- [RECORDED INFORMATION]:
——

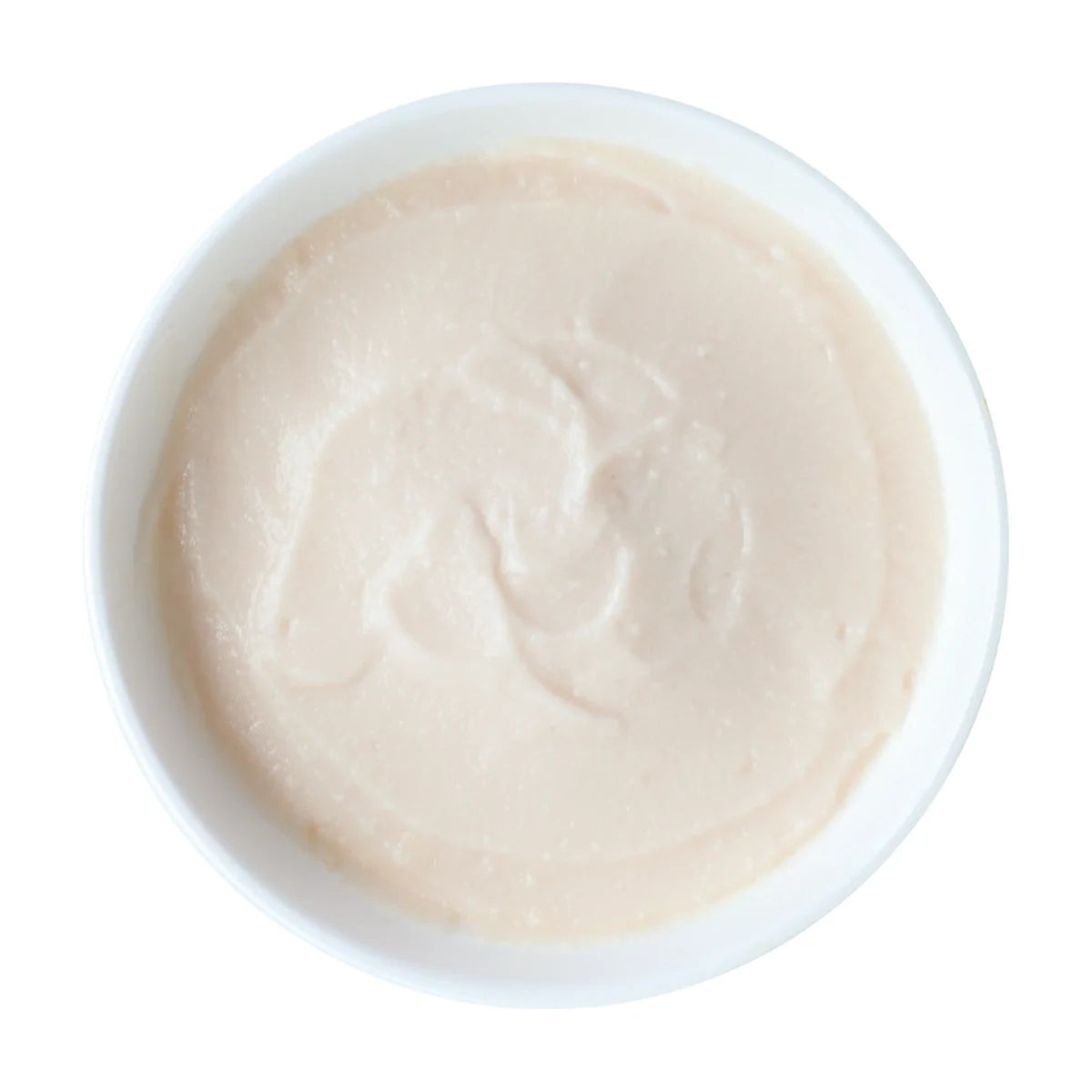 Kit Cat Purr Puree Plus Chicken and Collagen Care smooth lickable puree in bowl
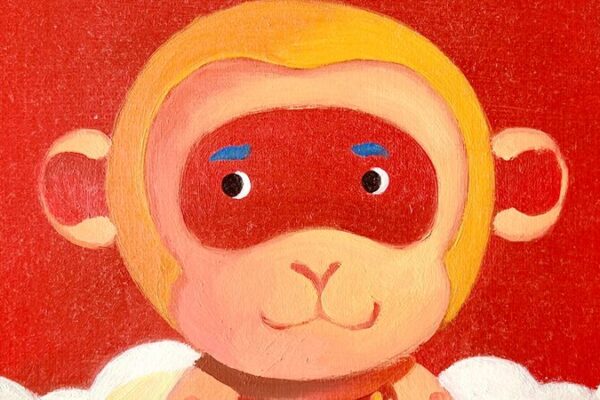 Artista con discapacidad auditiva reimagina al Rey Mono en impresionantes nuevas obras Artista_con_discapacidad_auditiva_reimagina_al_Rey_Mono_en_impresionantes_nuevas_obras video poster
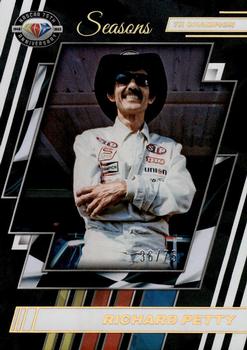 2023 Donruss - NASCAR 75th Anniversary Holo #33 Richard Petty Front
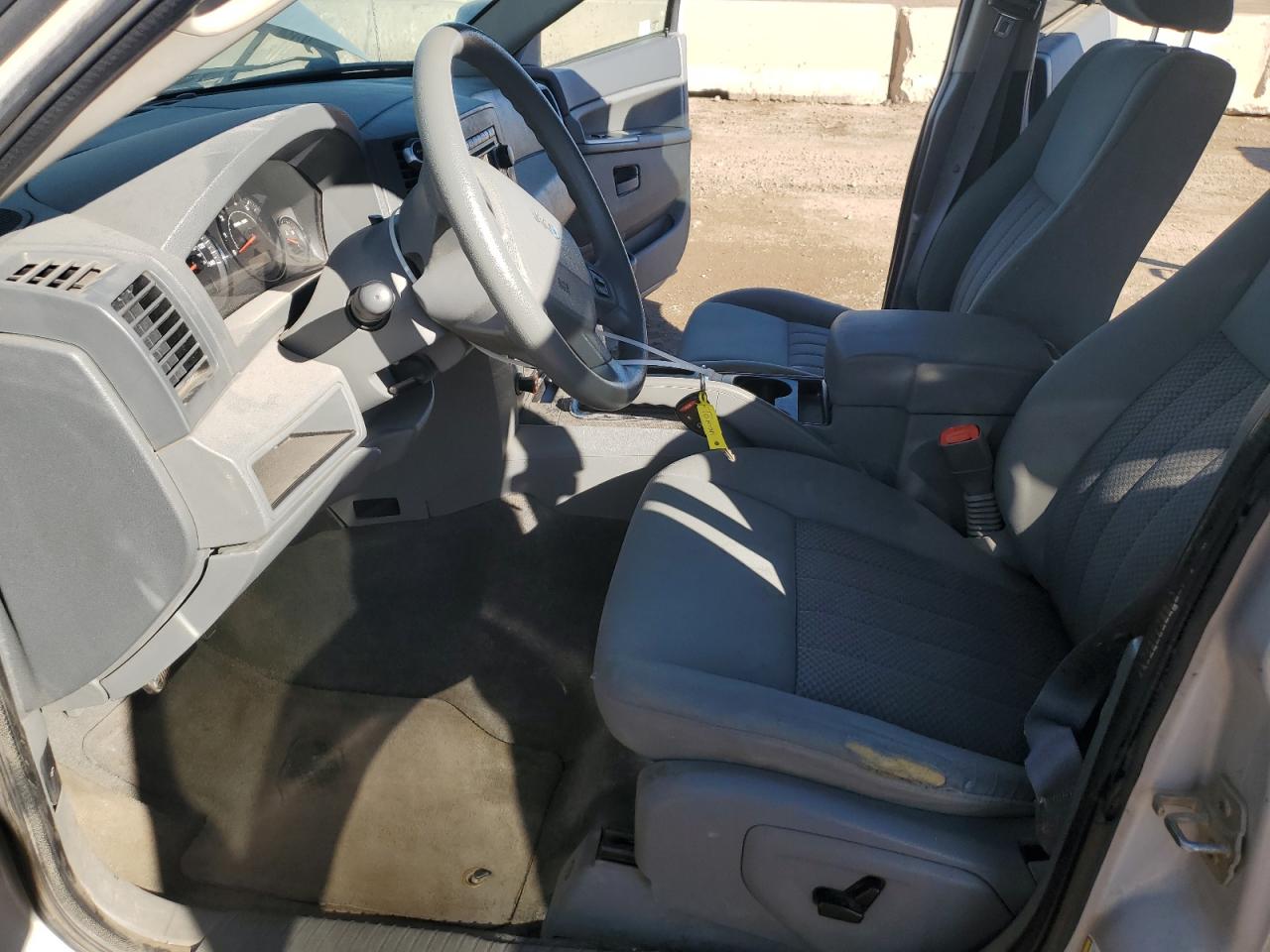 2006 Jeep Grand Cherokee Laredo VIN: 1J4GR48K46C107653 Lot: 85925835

——

- [REQUIRED WORK]:
When copying the listing, print each line exactly but leave out every picture.

- [SOLUTION FOR THIS PROBLEM]:
 Kit Cat Purr Puree Plus Chicken and Collagen Care smooth lickable puree in bowl
 Artista con discapacidad auditiva reimagina al Rey Mono en impresionantes nuevas obras Artista_con_discapacidad_auditiva_reimagina_al_Rey_Mono_en_impresionantes_nuevas_obras video poster
 2023 Donruss - NASCAR 75th Anniversary Holo #33 Richard Petty Front
 2006 Jeep Grand Cherokee Laredo VIN: 1J4GR48K46C107653 Lot: 85925835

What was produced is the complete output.